(Items from a data source)
▬▬▬

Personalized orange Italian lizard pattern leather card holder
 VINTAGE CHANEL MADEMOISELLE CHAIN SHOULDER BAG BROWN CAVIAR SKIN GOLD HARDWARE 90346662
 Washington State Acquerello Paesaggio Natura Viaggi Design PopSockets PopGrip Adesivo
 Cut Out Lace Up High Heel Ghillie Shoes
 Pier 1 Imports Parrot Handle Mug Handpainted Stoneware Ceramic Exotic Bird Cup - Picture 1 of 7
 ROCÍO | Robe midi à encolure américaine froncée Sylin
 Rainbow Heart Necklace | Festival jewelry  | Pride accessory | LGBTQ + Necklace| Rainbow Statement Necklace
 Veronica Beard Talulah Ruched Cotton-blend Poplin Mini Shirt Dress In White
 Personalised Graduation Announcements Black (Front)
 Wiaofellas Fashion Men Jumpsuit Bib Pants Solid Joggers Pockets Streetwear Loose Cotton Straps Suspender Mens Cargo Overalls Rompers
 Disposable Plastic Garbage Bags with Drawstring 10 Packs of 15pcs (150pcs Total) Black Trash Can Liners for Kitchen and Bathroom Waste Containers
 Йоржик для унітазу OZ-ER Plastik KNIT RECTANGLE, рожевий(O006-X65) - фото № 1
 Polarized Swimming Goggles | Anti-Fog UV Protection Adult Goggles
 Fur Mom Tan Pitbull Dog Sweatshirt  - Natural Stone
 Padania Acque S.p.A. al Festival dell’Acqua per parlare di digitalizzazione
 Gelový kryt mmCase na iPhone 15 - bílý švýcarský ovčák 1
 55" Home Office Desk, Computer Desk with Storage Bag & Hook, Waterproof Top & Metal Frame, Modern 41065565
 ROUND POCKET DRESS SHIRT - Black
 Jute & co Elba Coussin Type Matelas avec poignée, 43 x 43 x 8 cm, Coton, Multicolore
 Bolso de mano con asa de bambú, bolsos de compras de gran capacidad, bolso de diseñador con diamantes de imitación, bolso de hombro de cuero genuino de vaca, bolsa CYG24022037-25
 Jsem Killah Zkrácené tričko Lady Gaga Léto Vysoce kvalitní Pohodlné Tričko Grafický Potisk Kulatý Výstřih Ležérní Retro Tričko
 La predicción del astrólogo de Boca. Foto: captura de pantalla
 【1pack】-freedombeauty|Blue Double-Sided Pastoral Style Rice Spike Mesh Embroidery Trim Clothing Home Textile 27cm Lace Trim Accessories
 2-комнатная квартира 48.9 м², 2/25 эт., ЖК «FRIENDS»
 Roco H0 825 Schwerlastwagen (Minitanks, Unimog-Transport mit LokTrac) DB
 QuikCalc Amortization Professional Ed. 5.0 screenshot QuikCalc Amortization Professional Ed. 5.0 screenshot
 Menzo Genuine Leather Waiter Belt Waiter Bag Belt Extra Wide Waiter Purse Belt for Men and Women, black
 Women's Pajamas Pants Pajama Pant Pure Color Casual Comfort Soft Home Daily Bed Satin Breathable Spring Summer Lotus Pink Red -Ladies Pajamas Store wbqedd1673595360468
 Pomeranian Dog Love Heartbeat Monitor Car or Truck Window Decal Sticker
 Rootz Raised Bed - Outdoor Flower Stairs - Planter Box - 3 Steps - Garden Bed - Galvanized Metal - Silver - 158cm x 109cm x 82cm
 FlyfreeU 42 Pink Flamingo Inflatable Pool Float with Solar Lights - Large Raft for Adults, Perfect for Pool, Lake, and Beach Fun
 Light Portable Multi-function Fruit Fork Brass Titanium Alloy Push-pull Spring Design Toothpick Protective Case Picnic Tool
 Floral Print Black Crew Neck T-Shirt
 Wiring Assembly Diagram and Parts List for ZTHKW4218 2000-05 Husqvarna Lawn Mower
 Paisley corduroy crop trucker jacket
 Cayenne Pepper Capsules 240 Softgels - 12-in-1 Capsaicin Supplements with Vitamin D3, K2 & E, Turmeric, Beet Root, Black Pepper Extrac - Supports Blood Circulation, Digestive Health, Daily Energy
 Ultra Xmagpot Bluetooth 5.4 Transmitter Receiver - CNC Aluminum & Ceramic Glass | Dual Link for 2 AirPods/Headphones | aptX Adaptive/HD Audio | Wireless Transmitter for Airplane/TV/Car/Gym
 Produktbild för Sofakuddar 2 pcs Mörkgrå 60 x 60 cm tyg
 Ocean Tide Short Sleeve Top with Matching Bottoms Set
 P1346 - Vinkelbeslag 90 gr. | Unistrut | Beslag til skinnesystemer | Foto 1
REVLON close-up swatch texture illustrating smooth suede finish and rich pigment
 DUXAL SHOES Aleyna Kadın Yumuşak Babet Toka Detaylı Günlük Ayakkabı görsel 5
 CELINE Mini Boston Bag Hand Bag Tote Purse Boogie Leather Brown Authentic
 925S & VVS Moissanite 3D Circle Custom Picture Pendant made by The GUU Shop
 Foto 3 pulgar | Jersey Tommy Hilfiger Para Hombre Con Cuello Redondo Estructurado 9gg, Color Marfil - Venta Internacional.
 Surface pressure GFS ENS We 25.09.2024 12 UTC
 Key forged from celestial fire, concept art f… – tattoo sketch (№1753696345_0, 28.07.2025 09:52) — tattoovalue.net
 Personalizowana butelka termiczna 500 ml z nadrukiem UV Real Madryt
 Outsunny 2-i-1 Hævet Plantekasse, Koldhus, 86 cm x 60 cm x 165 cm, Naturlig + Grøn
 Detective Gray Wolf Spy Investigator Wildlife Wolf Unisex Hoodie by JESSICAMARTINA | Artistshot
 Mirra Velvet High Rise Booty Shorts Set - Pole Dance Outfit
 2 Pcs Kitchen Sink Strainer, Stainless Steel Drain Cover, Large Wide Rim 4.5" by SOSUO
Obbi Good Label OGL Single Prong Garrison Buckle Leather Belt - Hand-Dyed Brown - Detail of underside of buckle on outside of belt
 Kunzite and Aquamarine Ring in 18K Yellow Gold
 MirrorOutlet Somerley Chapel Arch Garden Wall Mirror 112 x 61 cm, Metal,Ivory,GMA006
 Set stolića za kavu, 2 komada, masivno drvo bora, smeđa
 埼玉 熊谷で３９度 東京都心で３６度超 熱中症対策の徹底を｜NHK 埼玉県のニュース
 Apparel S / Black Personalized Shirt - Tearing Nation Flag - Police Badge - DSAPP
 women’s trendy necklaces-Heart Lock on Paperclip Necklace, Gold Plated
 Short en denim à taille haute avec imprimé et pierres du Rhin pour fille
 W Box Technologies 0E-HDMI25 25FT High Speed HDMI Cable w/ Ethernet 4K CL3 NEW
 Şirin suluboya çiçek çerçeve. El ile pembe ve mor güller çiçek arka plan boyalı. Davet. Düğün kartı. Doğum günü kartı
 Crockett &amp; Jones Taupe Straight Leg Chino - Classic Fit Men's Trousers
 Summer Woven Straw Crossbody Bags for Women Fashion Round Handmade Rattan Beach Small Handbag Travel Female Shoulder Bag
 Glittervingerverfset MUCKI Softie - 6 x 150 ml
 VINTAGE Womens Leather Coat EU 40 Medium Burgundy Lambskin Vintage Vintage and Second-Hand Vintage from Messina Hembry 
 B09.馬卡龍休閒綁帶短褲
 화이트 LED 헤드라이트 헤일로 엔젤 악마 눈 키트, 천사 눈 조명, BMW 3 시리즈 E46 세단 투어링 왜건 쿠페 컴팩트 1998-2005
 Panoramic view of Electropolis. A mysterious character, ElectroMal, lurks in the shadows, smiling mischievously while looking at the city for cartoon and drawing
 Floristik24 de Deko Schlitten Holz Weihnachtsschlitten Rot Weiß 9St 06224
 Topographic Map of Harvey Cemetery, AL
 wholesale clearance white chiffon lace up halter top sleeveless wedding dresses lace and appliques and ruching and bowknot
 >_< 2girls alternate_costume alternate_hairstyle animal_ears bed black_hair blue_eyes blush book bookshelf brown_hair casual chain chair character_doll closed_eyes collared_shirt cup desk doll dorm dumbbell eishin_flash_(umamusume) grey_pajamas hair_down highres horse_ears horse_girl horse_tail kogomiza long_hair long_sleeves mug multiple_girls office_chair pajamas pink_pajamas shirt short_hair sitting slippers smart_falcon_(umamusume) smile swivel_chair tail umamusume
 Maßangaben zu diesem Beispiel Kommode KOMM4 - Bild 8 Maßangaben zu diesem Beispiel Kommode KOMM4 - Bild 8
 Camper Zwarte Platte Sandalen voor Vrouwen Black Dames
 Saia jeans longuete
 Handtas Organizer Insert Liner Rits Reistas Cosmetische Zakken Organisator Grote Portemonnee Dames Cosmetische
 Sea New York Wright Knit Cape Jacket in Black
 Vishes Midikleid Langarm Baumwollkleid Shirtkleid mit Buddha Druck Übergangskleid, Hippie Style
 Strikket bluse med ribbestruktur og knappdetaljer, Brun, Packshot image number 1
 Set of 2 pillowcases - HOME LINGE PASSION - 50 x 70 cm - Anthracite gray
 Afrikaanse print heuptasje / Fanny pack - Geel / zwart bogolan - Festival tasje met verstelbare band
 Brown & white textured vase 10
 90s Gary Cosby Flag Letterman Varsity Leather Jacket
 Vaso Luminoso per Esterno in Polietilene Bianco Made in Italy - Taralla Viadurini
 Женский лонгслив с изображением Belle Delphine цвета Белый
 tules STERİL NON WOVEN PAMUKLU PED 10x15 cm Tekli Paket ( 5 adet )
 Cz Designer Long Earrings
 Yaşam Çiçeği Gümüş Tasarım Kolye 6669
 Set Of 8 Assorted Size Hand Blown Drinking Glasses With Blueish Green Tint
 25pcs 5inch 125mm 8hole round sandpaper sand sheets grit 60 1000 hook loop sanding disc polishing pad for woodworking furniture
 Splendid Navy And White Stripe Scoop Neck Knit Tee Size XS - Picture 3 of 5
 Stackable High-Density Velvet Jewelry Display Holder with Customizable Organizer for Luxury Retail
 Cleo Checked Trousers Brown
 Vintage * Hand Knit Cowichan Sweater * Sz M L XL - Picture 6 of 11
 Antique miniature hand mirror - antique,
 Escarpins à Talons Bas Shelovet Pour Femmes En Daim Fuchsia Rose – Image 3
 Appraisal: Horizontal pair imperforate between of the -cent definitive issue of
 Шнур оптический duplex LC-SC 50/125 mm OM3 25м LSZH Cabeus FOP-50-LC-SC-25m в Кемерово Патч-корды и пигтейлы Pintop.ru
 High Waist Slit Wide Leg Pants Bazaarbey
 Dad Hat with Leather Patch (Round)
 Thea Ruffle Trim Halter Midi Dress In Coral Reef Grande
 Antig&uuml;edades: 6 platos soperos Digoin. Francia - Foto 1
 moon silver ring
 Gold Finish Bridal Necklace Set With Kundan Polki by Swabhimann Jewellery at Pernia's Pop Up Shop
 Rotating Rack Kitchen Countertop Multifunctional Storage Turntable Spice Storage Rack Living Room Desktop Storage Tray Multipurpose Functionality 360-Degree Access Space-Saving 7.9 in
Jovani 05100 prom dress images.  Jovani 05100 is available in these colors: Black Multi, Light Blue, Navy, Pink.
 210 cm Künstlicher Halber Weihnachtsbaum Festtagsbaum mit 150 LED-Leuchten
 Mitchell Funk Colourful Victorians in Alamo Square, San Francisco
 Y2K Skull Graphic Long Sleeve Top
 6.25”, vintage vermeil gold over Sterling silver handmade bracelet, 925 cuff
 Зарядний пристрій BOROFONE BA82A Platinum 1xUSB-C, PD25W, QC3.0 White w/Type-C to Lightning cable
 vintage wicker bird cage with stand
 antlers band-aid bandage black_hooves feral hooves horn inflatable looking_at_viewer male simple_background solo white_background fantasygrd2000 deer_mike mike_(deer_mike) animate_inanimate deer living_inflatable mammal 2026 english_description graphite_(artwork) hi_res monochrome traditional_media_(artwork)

▬▬▬

### Problem description
Look through the entries above and quote exactly the lines from the line with "Jsem Killah Zkrácené" to the line with "CELINE Mini Boston", counting both of those lines.

### Task solution
 Jsem Killah Zkrácené tričko Lady Gaga Léto Vysoce kvalitní Pohodlné Tričko Grafický Potisk Kulatý Výstřih Ležérní Retro Tričko
 La predicción del astrólogo de Boca. Foto: captura de pantalla
 【1pack】-freedombeauty|Blue Double-Sided Pastoral Style Rice Spike Mesh Embroidery Trim Clothing Home Textile 27cm Lace Trim Accessories
 2-комнатная квартира 48.9 м², 2/25 эт., ЖК «FRIENDS»
 Roco H0 825 Schwerlastwagen (Minitanks, Unimog-Transport mit LokTrac) DB
 QuikCalc Amortization Professional Ed. 5.0 screenshot QuikCalc Amortization Professional Ed. 5.0 screenshot
 Menzo Genuine Leather Waiter Belt Waiter Bag Belt Extra Wide Waiter Purse Belt for Men and Women, black
 Women's Pajamas Pants Pajama Pant Pure Color Casual Comfort Soft Home Daily Bed Satin Breathable Spring Summer Lotus Pink Red -Ladies Pajamas Store wbqedd1673595360468
 Pomeranian Dog Love Heartbeat Monitor Car or Truck Window Decal Sticker
 Rootz Raised Bed - Outdoor Flower Stairs - Planter Box - 3 Steps - Garden Bed - Galvanized Metal - Silver - 158cm x 109cm x 82cm
 FlyfreeU 42 Pink Flamingo Inflatable Pool Float with Solar Lights - Large Raft for Adults, Perfect for Pool, Lake, and Beach Fun
 Light Portable Multi-function Fruit Fork Brass Titanium Alloy Push-pull Spring Design Toothpick Protective Case Picnic Tool
 Floral Print Black Crew Neck T-Shirt
 Wiring Assembly Diagram and Parts List for ZTHKW4218 2000-05 Husqvarna Lawn Mower
 Paisley corduroy crop trucker jacket
 Cayenne Pepper Capsules 240 Softgels - 12-in-1 Capsaicin Supplements with Vitamin D3, K2 & E, Turmeric, Beet Root, Black Pepper Extrac - Supports Blood Circulation, Digestive Health, Daily Energy
 Ultra Xmagpot Bluetooth 5.4 Transmitter Receiver - CNC Aluminum & Ceramic Glass | Dual Link for 2 AirPods/Headphones | aptX Adaptive/HD Audio | Wireless Transmitter for Airplane/TV/Car/Gym
 Produktbild för Sofakuddar 2 pcs Mörkgrå 60 x 60 cm tyg
 Ocean Tide Short Sleeve Top with Matching Bottoms Set
 P1346 - Vinkelbeslag 90 gr. | Unistrut | Beslag til skinnesystemer | Foto 1
REVLON close-up swatch texture illustrating smooth suede finish and rich pigment
 DUXAL SHOES Aleyna Kadın Yumuşak Babet Toka Detaylı Günlük Ayakkabı görsel 5
 CELINE Mini Boston Bag Hand Bag Tote Purse Boogie Leather Brown Authentic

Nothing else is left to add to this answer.